-- TASK DETAILS --
Find the line with "Handmade Crochet Guncha" in the entries below, then output every line from it down to the line with "Coque Pour Smartphone", exactly and with no pictures.

-- GIVEN INFORMATION --

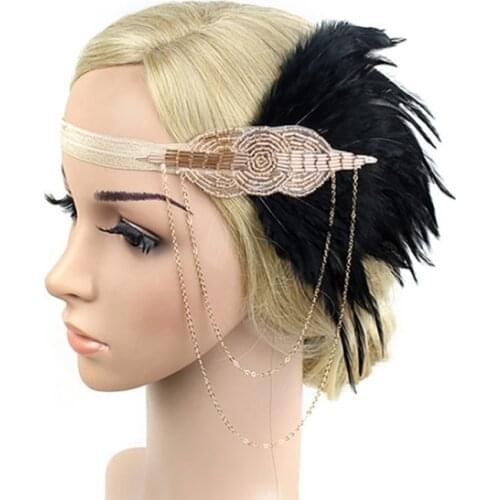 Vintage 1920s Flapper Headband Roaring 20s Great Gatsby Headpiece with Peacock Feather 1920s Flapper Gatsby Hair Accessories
* * *
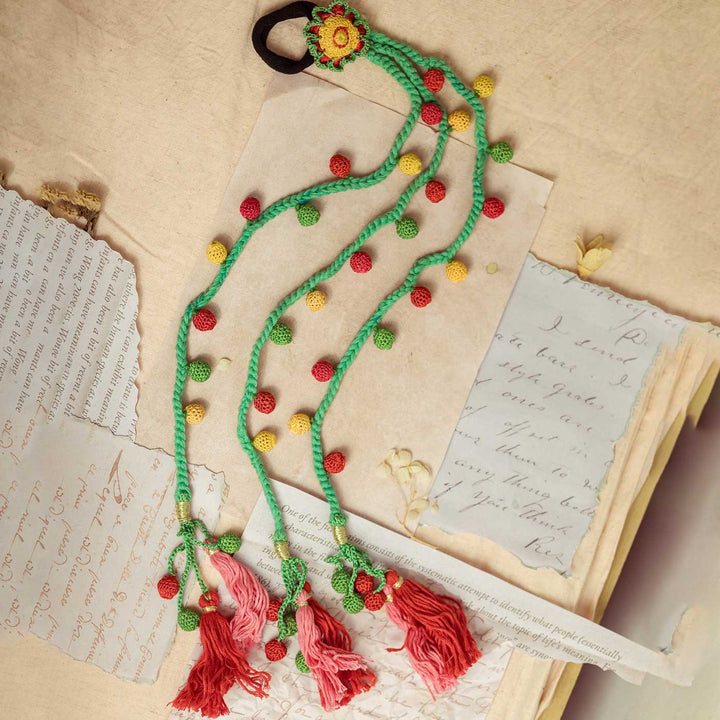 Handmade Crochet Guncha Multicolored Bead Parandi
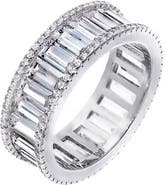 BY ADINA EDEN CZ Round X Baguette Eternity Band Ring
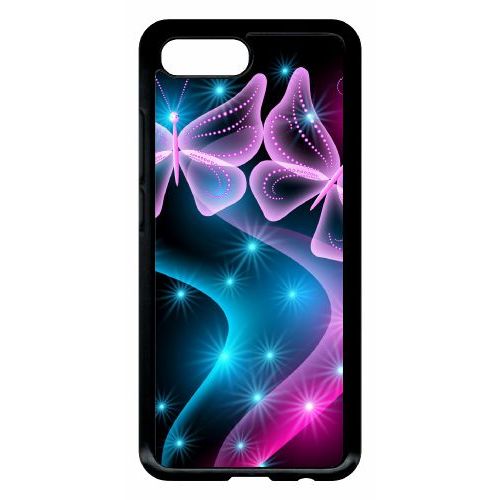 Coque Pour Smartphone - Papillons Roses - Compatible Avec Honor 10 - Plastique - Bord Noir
...
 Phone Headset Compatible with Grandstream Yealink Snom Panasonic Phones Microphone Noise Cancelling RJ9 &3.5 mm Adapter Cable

-- RESPONSE BELOW --
 Handmade Crochet Guncha Multicolored Bead Parandi
 BY ADINA EDEN CZ Round X Baguette Eternity Band Ring
 Coque Pour Smartphone - Papillons Roses - Compatible Avec Honor 10 - Plastique - Bord Noir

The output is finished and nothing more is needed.